Quasi-phase-matching is a phase-matching method in which a nonlinear material is structured to contain a spatially periodic coefficient. An example of this is a crystal that is structured in such a way that the optical axis of its lattice periodically flips its orientation. This flipping in turn causes the nonlinear coefficient of the material to invert periodically its sign. The flipping causes the waves that are being mixed and the new wave to maintain their relative phase (match phase) along the length of the crystal. Although phase matching can be achieved by other means (birefringence, for example), QPM provides distinct advantages over other methods, including the ability to:

  1. Convert light among all wavelengths for which the crystal is transparent.
  2. Convert with the highest nonlinear coefficients of which the material is capable.

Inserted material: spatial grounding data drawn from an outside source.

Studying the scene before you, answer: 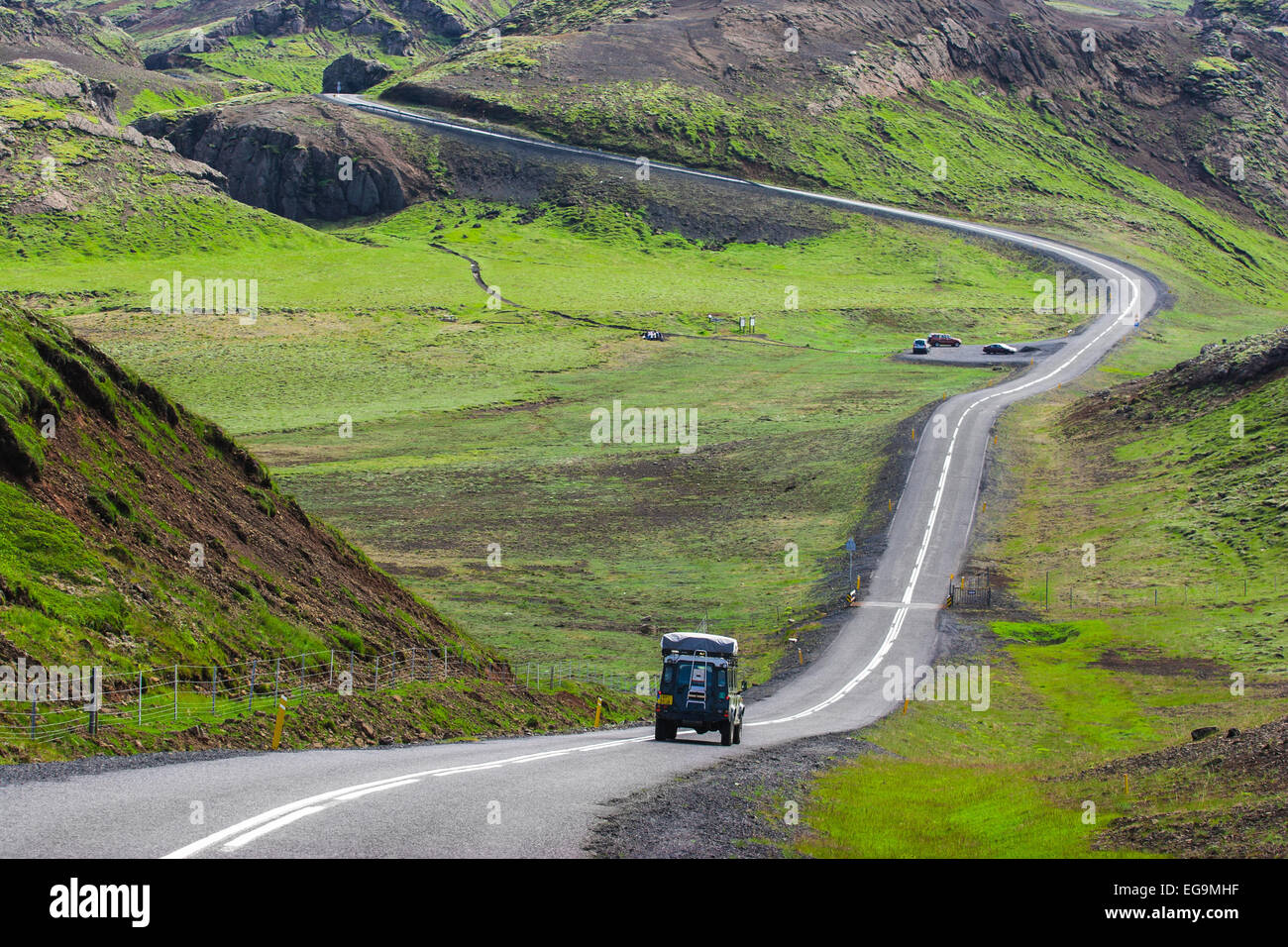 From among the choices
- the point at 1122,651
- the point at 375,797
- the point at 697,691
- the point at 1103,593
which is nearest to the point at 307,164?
the point at 1103,593

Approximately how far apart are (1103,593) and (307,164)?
6140 inches

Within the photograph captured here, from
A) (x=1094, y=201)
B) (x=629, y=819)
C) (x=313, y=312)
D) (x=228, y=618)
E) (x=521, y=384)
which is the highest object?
(x=1094, y=201)

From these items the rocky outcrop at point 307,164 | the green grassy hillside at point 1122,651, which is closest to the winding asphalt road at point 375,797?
the green grassy hillside at point 1122,651

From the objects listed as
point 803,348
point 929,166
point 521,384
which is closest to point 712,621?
point 521,384

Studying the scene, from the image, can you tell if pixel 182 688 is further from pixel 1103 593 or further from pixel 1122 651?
pixel 1103 593

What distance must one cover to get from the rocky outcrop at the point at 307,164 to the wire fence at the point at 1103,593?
464 feet

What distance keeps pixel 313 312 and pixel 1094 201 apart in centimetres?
12221

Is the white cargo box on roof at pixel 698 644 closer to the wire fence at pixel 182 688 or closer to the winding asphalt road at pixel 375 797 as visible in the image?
the winding asphalt road at pixel 375 797

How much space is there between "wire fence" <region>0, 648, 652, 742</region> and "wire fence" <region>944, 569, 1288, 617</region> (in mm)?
30515

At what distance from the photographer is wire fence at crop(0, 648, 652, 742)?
18156mm

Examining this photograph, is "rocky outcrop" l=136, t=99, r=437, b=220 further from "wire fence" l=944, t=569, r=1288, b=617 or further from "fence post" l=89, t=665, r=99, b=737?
"fence post" l=89, t=665, r=99, b=737

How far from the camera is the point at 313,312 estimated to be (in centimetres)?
12975

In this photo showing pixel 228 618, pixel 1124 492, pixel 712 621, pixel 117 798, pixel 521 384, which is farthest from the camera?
pixel 521 384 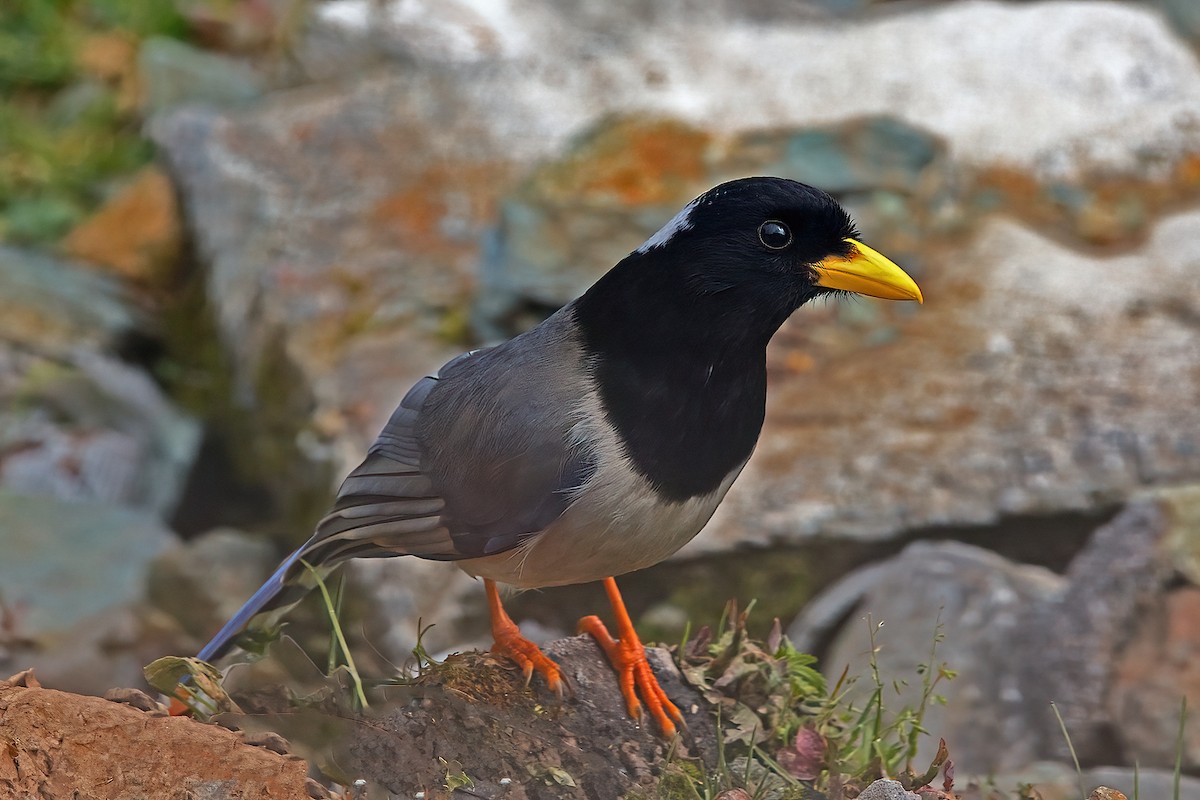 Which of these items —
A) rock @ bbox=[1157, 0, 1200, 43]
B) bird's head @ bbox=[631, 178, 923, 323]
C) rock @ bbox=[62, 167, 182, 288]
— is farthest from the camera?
rock @ bbox=[62, 167, 182, 288]

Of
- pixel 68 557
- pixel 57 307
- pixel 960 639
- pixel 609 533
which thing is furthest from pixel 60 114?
pixel 609 533

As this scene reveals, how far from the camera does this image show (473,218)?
8492 millimetres

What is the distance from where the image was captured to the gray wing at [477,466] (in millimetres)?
3238

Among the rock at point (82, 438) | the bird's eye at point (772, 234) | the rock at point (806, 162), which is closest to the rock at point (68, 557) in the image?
the rock at point (82, 438)

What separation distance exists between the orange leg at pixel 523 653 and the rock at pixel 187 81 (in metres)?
7.65

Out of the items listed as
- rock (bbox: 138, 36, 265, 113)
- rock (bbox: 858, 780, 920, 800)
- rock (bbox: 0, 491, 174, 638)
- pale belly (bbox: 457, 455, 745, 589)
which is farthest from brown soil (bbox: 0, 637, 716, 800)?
rock (bbox: 138, 36, 265, 113)

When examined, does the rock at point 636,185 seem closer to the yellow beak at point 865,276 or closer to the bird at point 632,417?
the bird at point 632,417

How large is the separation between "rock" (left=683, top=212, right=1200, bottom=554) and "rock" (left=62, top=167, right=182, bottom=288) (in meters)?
4.59

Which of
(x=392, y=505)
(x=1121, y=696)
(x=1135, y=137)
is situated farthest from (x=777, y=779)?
(x=1135, y=137)

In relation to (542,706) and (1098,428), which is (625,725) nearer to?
(542,706)

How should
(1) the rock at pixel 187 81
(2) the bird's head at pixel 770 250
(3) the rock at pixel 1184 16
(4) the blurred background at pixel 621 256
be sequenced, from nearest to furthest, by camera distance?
1. (2) the bird's head at pixel 770 250
2. (4) the blurred background at pixel 621 256
3. (3) the rock at pixel 1184 16
4. (1) the rock at pixel 187 81

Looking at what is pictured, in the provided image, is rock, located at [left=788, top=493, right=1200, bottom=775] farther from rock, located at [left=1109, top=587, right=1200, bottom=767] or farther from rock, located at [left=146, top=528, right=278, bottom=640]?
rock, located at [left=146, top=528, right=278, bottom=640]

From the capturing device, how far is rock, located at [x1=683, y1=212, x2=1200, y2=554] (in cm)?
621

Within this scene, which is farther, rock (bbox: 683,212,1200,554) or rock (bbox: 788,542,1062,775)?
rock (bbox: 683,212,1200,554) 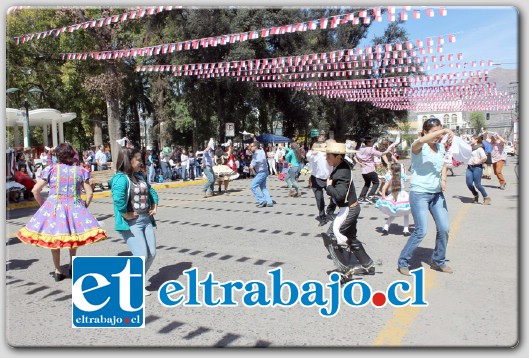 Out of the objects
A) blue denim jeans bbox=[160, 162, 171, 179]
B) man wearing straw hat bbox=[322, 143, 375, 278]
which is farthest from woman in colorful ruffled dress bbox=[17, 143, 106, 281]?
blue denim jeans bbox=[160, 162, 171, 179]

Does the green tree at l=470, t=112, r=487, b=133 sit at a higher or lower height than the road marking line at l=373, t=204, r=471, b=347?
higher

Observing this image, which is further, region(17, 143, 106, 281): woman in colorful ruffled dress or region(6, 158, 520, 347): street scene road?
region(17, 143, 106, 281): woman in colorful ruffled dress

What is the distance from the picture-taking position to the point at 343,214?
15.6 feet

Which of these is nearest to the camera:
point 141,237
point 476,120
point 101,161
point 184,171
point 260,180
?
point 141,237

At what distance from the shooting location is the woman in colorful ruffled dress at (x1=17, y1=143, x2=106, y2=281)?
4.71m

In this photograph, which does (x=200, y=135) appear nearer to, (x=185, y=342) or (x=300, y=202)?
(x=300, y=202)

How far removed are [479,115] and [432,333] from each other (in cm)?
4465

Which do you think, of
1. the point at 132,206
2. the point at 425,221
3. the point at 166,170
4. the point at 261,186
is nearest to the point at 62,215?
the point at 132,206

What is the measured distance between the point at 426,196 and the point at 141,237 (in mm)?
3081

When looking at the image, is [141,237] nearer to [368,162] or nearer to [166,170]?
[368,162]

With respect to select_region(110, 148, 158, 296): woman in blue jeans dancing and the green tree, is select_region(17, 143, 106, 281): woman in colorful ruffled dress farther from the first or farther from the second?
the green tree

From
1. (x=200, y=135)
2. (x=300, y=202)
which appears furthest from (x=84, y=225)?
(x=200, y=135)

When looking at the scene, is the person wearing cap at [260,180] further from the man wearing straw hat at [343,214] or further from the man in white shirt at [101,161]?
the man in white shirt at [101,161]

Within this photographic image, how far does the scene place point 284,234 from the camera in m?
7.25
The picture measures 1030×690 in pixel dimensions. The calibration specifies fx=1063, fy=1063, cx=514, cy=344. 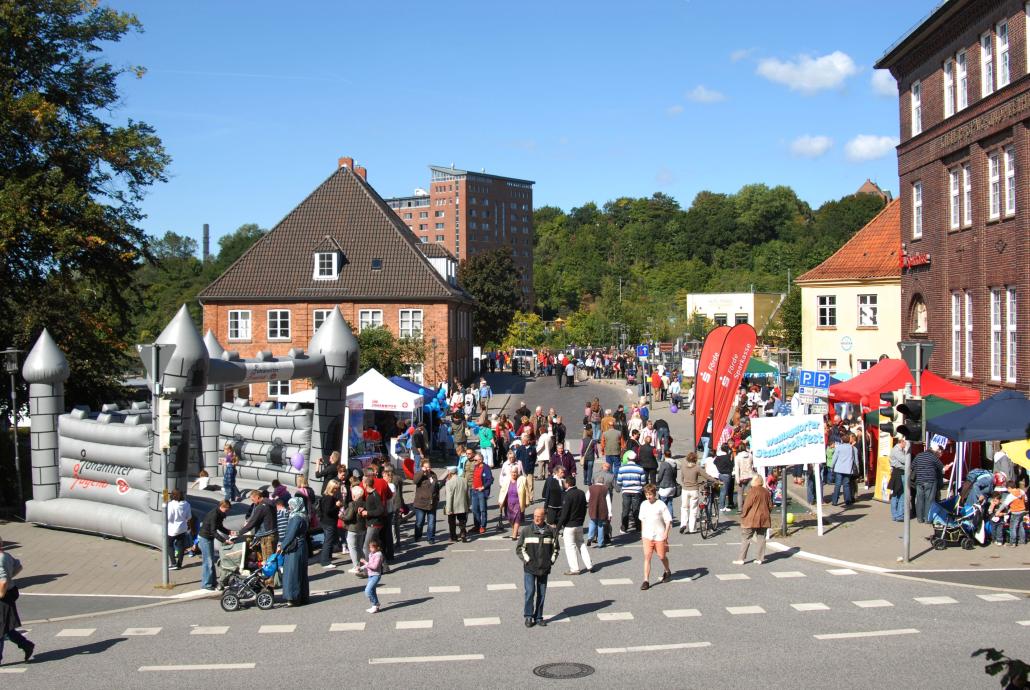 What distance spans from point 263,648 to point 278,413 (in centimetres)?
1267

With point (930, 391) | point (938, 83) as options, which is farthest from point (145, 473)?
point (938, 83)

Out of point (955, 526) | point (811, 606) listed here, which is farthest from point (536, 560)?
point (955, 526)

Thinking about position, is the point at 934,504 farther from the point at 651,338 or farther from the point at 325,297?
the point at 651,338

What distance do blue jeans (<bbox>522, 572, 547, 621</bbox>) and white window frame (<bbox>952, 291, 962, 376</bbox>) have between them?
64.6 feet

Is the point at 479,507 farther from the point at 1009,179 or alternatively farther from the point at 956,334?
the point at 956,334

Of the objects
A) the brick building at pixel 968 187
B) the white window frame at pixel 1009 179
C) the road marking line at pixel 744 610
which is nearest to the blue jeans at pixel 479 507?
the road marking line at pixel 744 610

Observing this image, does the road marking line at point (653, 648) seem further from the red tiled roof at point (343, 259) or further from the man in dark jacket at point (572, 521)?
the red tiled roof at point (343, 259)

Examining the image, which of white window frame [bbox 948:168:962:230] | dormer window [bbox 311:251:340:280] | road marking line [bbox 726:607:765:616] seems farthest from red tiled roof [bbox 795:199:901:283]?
road marking line [bbox 726:607:765:616]

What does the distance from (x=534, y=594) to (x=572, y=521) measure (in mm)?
3173

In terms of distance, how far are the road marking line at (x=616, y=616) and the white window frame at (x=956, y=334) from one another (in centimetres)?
1864

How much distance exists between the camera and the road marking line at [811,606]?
13.6m

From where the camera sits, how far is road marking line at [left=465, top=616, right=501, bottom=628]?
43.4 feet

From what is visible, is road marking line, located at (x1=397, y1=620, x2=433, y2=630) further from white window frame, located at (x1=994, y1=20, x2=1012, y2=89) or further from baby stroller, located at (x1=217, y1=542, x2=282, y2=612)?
white window frame, located at (x1=994, y1=20, x2=1012, y2=89)

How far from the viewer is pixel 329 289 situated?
163 ft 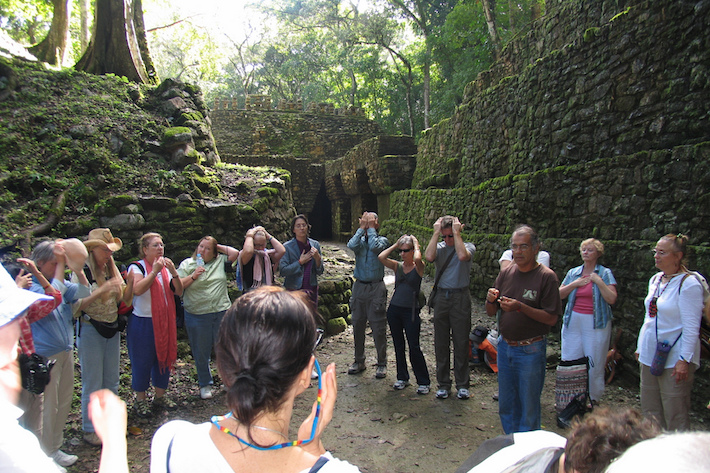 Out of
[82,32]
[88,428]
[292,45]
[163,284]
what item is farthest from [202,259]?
[292,45]

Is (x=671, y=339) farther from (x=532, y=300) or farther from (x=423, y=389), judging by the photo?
(x=423, y=389)

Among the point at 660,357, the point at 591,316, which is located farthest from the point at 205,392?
the point at 660,357

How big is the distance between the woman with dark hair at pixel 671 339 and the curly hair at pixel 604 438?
2404 millimetres

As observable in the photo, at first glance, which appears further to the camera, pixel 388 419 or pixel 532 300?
pixel 388 419

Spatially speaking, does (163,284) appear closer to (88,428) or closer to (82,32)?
(88,428)

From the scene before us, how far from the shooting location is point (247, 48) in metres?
31.3

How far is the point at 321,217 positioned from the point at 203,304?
14118 mm

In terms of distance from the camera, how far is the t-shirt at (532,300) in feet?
9.90

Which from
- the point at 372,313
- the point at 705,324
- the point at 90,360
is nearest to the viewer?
the point at 705,324

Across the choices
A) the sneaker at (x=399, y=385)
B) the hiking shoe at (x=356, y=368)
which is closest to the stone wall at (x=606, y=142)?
the sneaker at (x=399, y=385)

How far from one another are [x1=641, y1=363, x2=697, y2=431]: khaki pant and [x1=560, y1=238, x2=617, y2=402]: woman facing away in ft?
1.97

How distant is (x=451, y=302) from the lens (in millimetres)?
4191

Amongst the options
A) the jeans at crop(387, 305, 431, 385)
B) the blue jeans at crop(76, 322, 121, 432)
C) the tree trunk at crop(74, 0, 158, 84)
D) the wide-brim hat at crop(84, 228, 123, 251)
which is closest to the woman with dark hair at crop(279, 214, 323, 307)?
the jeans at crop(387, 305, 431, 385)

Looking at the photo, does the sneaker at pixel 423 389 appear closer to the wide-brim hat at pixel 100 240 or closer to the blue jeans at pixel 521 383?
the blue jeans at pixel 521 383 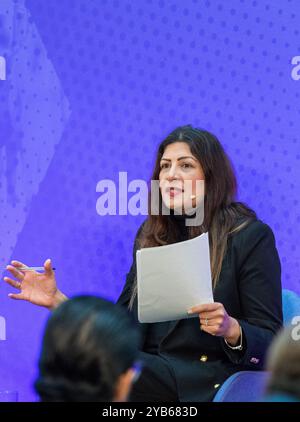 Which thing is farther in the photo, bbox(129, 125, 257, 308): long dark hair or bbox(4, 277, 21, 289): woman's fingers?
bbox(129, 125, 257, 308): long dark hair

  3. Use very long crystal lengths.
  4. Pattern in unique spectral properties via photolithography.

These advantages of QPM produce extremely efficient, tunable, and compact laser sources that enabled Sandia to develop two portable gas imaging systems. Broad tuning permitted us to make very capable IR cavity-ringdown spectrometers. The first spectrometer operated in the mid-IR range, using the nonlinear material, periodically poled lithium niobate (PPLN).  The second spectrometer used PPLN and orientation-patterned gallium arsenide (OP-GaAs) obtained through collaboration with Stanford University.